It’s so wild how we keep seeing reports that Iran’s retaliation caught the US off guard. For all the years I’ve been paying attention to this issue I’ve been reading experts and analysts saying if the US attacks Iran, Iran can close the Strait of Hormuz and strike US bases and the energy infrastructure of…
Time recently published an article citing unnamed insiders who claim the Pentagon was completely surprised by Iran’s forceful counterattacks against the US-Israeli offensive launched last month. It included the following statement:
“Key Trump officials, including Defense Secretary Pete Hegseth, were surprised by the barrage of retaliatory attacks Tehran launched against U.S. and Israeli targets across the region, including in countries long assumed to be off-limits: Kuwait, Bahrain, Saudi Arabia, the United Arab Emirates, and Qatar, a state that had both harbored Iran’s terrorist proxies and served as a conduit for backchannel diplomacy between the U.S. and Hamas. The response shattered the assumption that Tehran would confine itself to performative retaliation. In internal deliberations before the war’s launch, Hegseth had pointed to Iran’s muted reaction to Trump’s past attacks as evidence that calibrated force could impose costs on Tehran without triggering a broader war. Hegseth ‘was caught off guard. There’s no question,’ says a person familiar with his thinking.”
🇺🇸 Pentagon misjudged Iran response ahead of war, report says
U.S. Defense Secretary Pete Hegseth expected limited retaliation from Iran before the war, but “was caught off guard. There’s no question,” a person familiar with his thinking told Time.
The report says Hegseth had… https://t.co/jXamN04aHc
— Drop Site (@DropSiteNews) April 2, 2026
It remains astonishing that news continues to surface claiming Iran’s backlash took the US by surprise. Throughout my engagement with this topic, analysts have consistently warned that if the US were to strike Iran, Tehran could respond by shutting the Strait of Hormuz and targeting American military installations as well as the vital energy facilities of US regional allies.
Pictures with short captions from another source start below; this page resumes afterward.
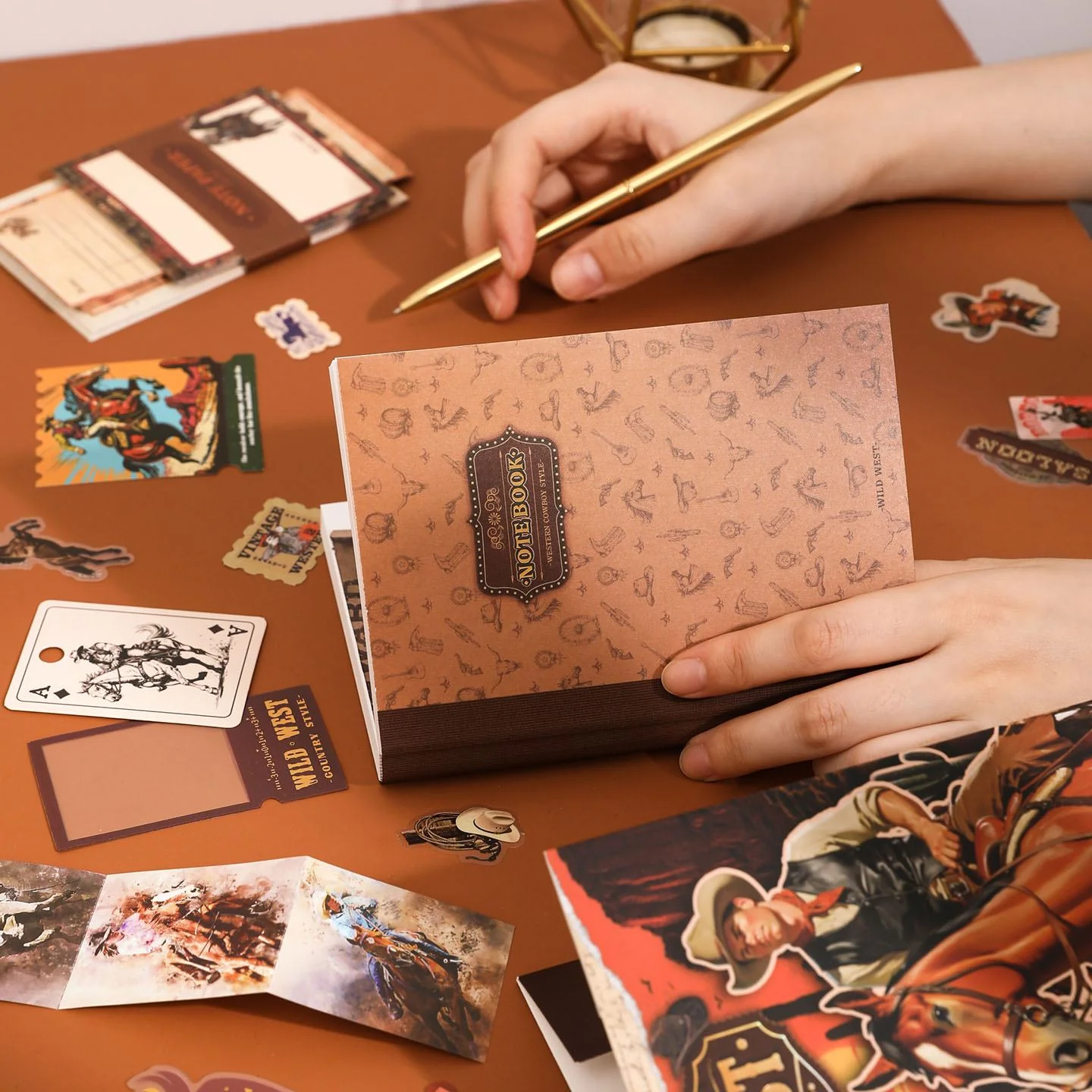 Western cowboy Gift box - Image 4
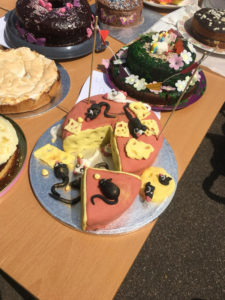 fundraising - bake-off challenge 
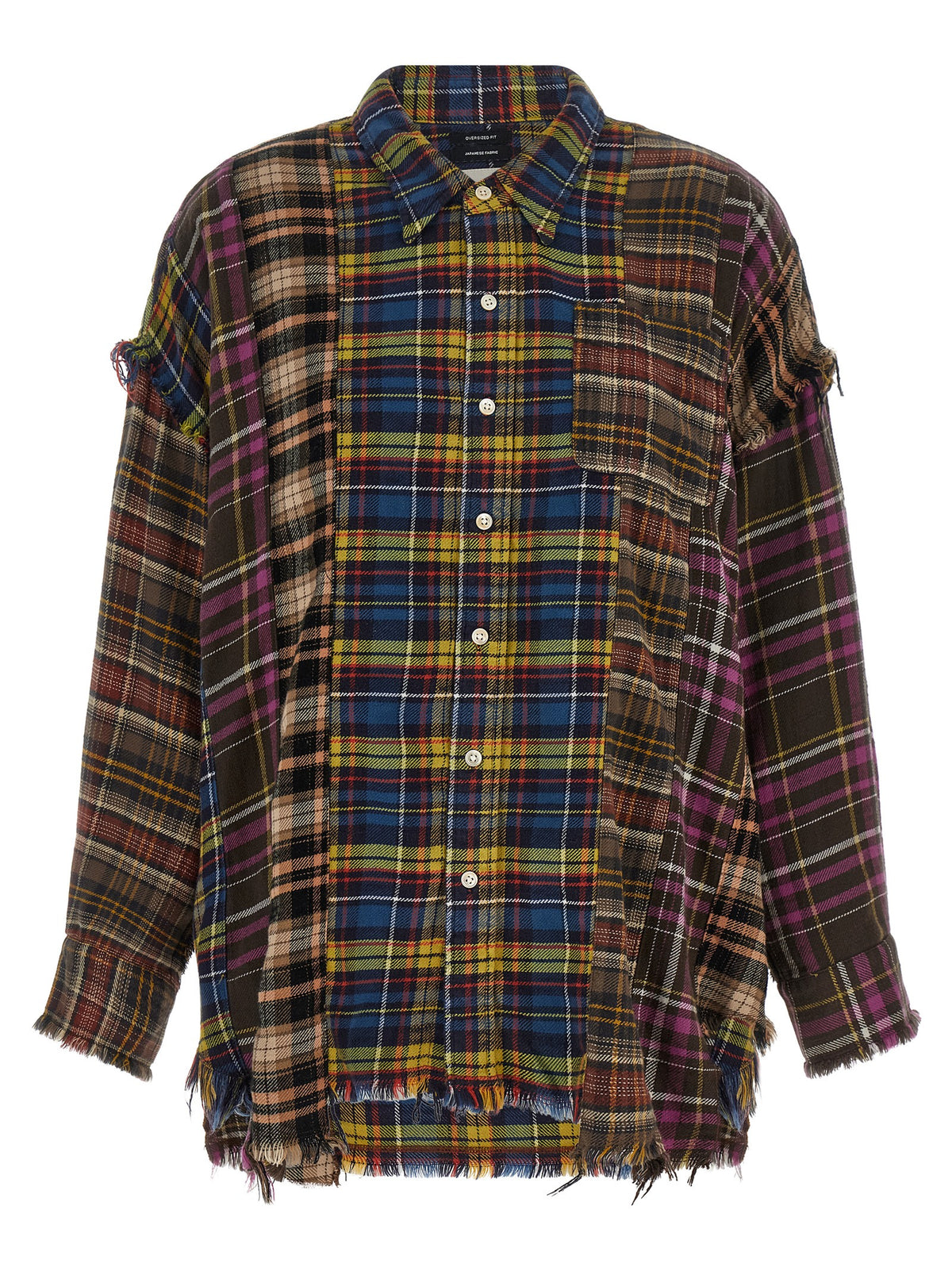 R13 Multicolor Cotton Blouse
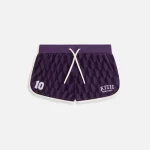 kith kids velour jordyn short in sovereign - KITH-SHOP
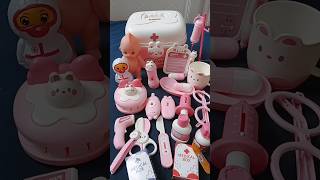 Doctor PlaysetSatisfying with Unboxing amp Review Cute Pink Rabbit Doctor Setreview [upl. by Ilah]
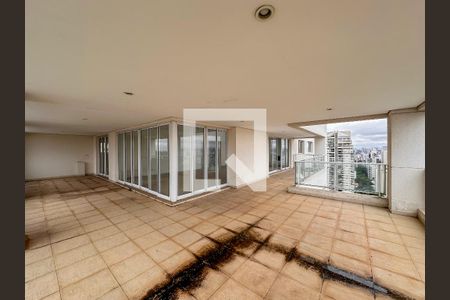 Varanda de apartamento à venda com 6 quartos, 820m² em Campo Belo, São Paulo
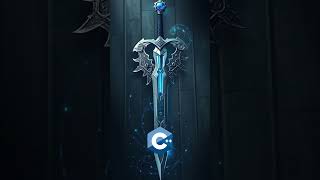 🤖 AI Draws Programming Languages as Swords!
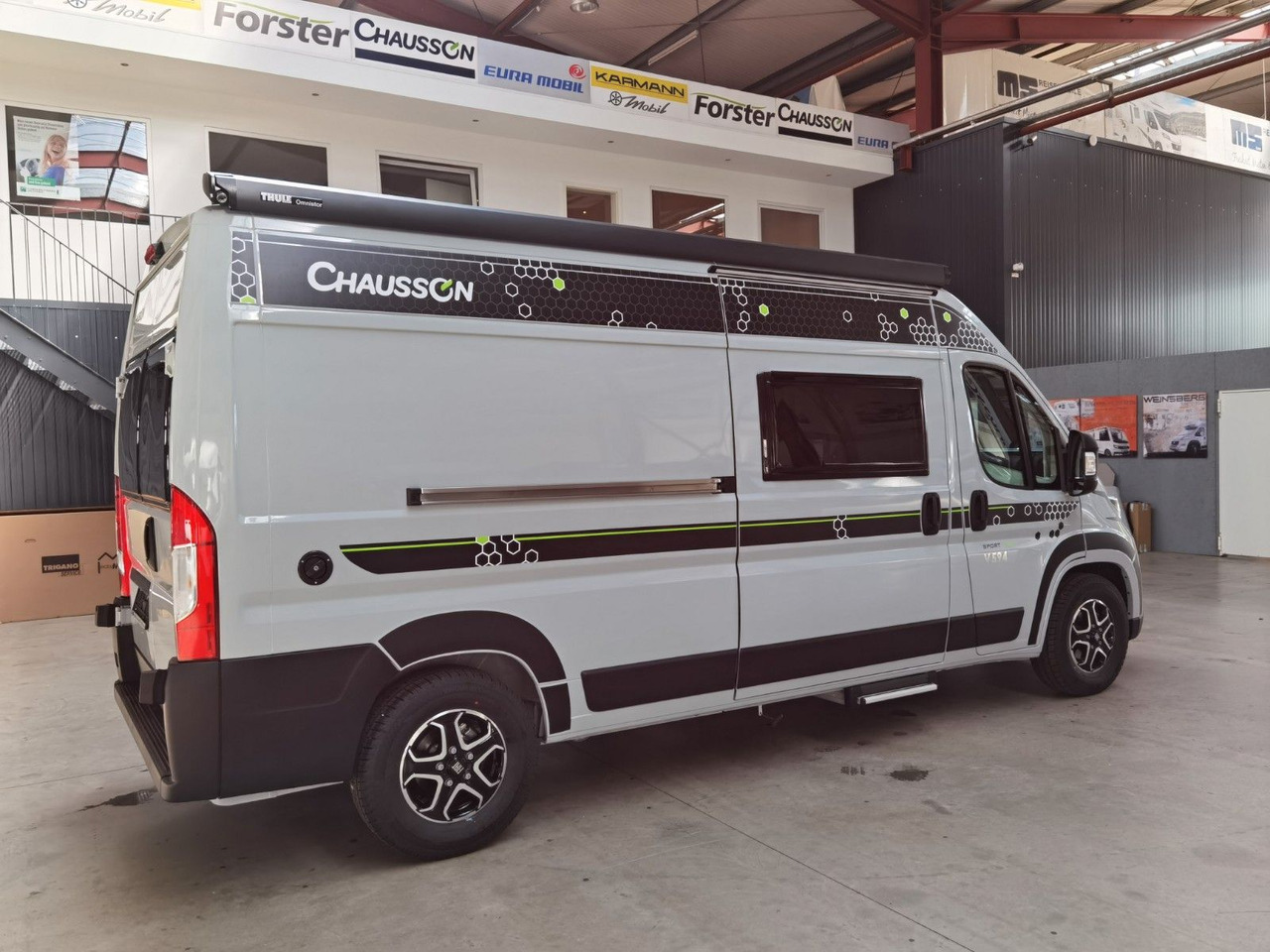 Chausson V594 SPORT LINE / MODELL 2026 / 8G.AUTOMATIK - מוטורהום: תמונה 4 Chausson V594 SPORT LINE / MODELL 2026 / 8G.AUTOMATIK - מוטורהום: תמונה 4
Here are several notable references:
The 2006 Oxford Research Group document titled “Iran: Consequences of a War” highlighted Iran’s broad retaliatory potentials, emphasizing the critical risk of disruptions to oil and liquefied natural gas transit through the Straits of Hormuz. It further noted that preventing such action would be nearly impossible, with the mere threat severely rattling oil markets.
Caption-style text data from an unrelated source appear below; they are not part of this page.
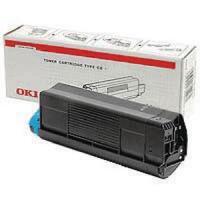 Oki C35203530Mfp High Capacity 2.5K Cyan Toner Cartridge 43459371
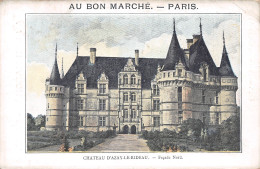 37-AZAY LE RIDEAU LE CHATEAU-N°C4085-E/0197 - Azay-le-Rideau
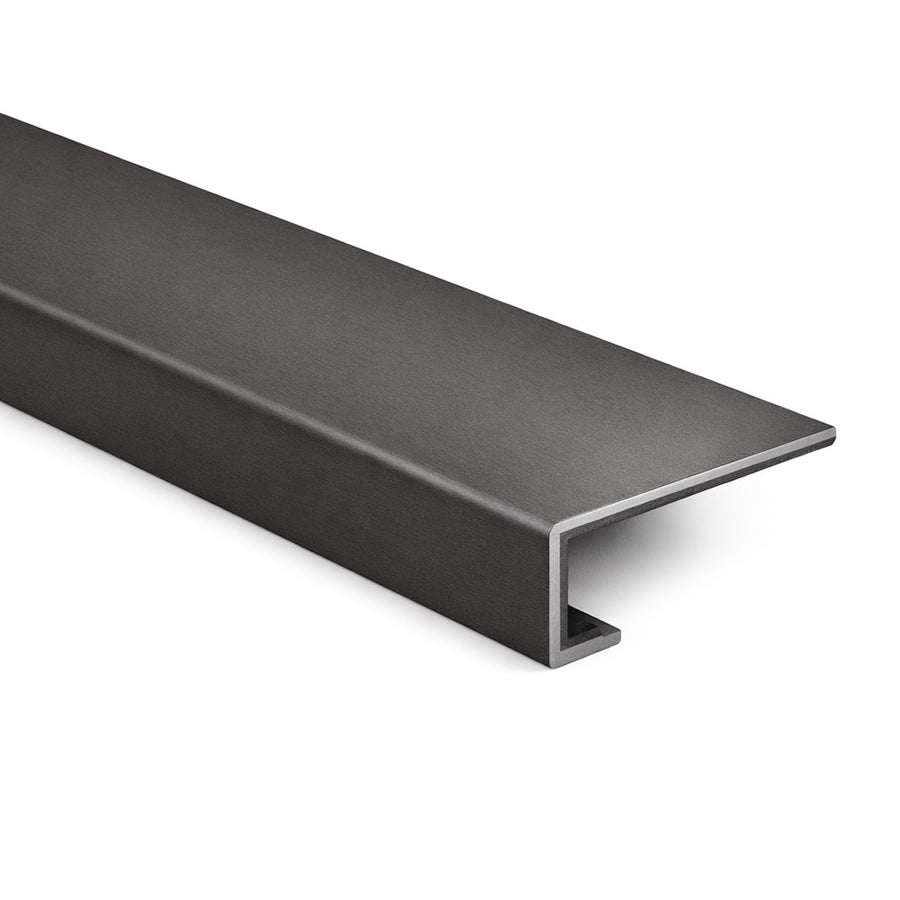 Vinyl Moldings - Ultimate Collection - Lava Grey Oak — VersaCap Square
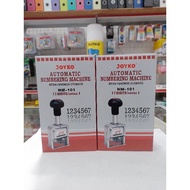 Joyko 7-Digit Automatic Numbering Stamp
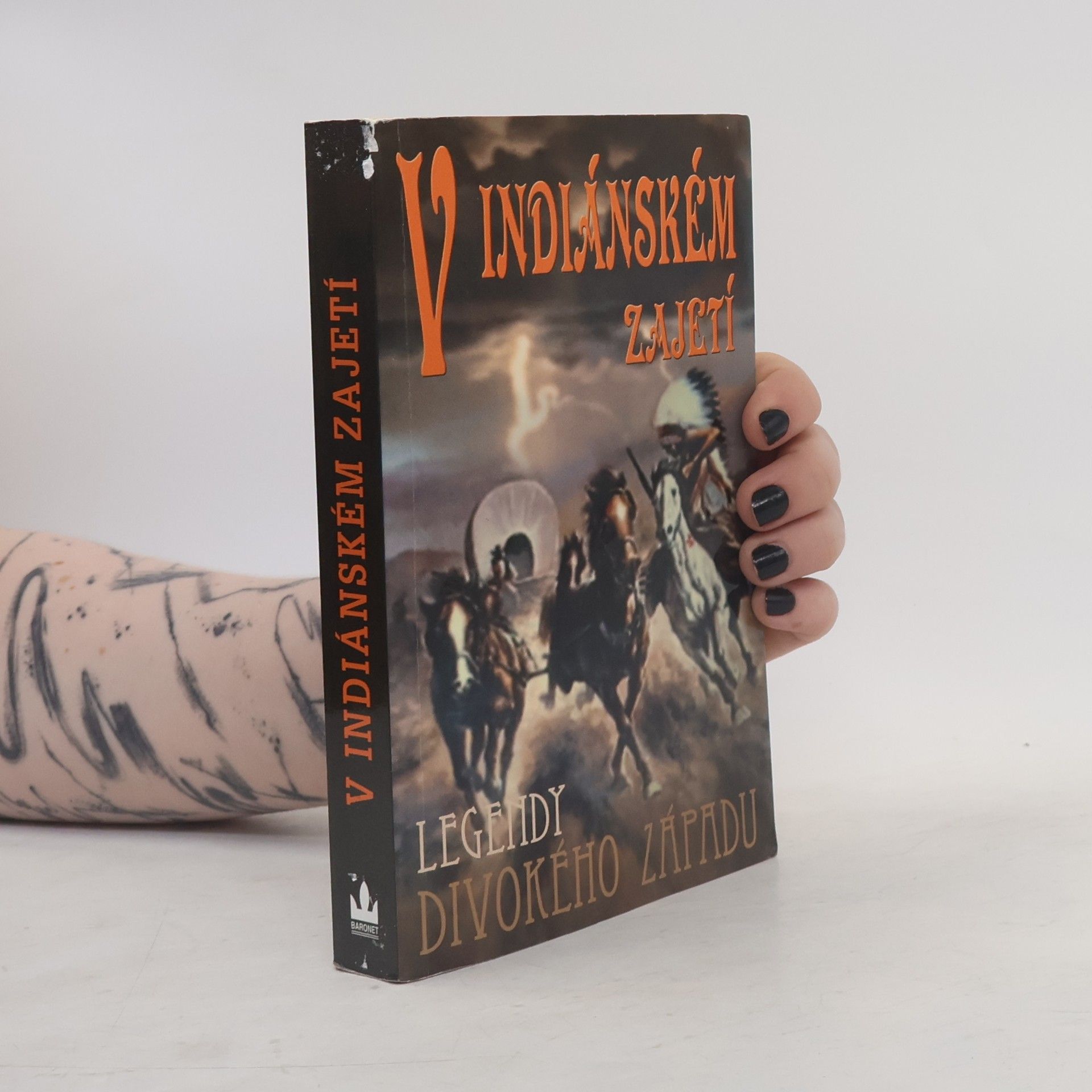 Autorenkollektiv V indiánském zajetí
A 2007 study by the Cato Institute named “The Iraq War and Iranian Power” warned that Iran controls the largest ballistic missile stockpile in the Persian Gulf capable of reaching Israel, Saudi Arabia, and US bases in Iraq. It also stressed Iran’s ability to wield the “oil weapon” by obstructing the 34km-wide Strait of Hormuz and mounting submarine and missile strikes on ports and oil installations in Saudi Arabia, Kuwait, and other Gulf Cooperation Council (GCC) members.
In 2012, NPR published “Can Iran Close The World’s Most Important Oil Route?” in which the then-chairman of the Joint Chiefs of Staff acknowledged Iran’s clear capability and investments aimed at blocking the Strait of Hormuz.
The Columbia Center on Global Energy Policy and the Center for a New American Security jointly released “IN DIRE STRAITS? IMPLICATIONS OF US-IRAN TENSIONS FOR THE GLOBAL OIL MARKET,” warning about scenarios involving damage to Persian Gulf oil facilities and a temporary Strait of Hormuz closure.
These warnings were not issued by peace activists clad in keffiyehs but by well-established establishment figures firmly aligned with US imperial interests. Their opposition to conflict with Iran stemmed not from moral grounds opposing mass violence, but from concerns over negative impacts on power dynamics within the empire.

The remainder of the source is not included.